The invention of three-dimensional control by the Wright Brothers, most pointedly including lateral control, was so basic to any aircraft design that, without it, no aircraft could have flown successfully. The Wrights had a broad patent.

To get around the Wrights' patent, Glenn Curtiss resurrected Langley's Aerodrome, a piece of "prior art" to the Wrights' patent. That particular effort, which incorporated post-Wright insights into a nominal pre-Wright aircraft, failed.
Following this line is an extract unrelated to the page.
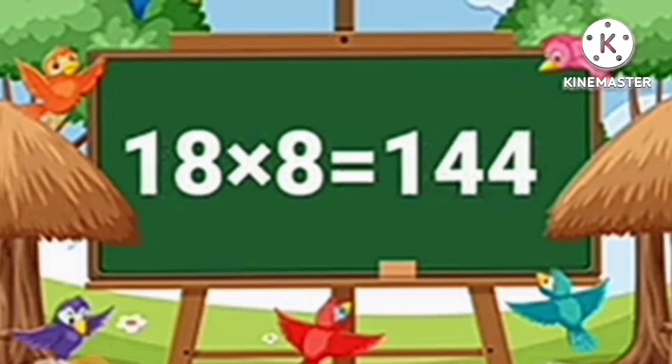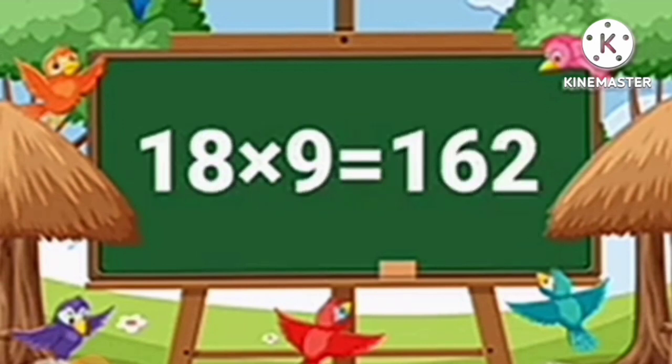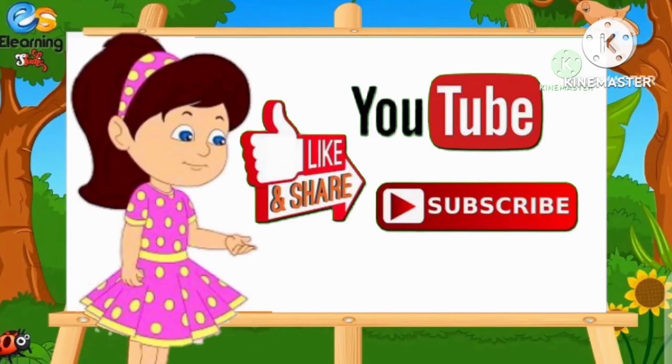Eighteen eights are one hundred forty-four. Eighteen nines are one hundred sixty-two. Eighteen tens are one hundred eighty. धन्यवाद, आपने हमारी वीडियो देखी। अगर आपको वीडियो अच्छी लगे तो प्लीज लाइक और सब्सक्राइब कर देना।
Curtiss was making other efforts to get around the Wright patent when World War I intervened, and a patent pool was created. By the time of the patent pool, Wilbur Wright was dead, and Orville had sold his interests, so the dispute no longer involved the Wrights. Although the pool did not create any American-made fighter aircraft used in World War I, it did create a surplus of airplanes after World War I, and the Wright patent was not further litigated prior to its expiry in 1923.

In the re-exam filed against patents of Thomson/WARF, US 5,166,065 is cited as an anticipating reference. There is no disclosure within the '065 of an actual human (or primate) stem cell line, just as there was no disclosure of an aircraft which actually flies in the Langley work. In US 5,843,780, Thomson mentions an unsuccessful attempt at human stem cell formation using LIF.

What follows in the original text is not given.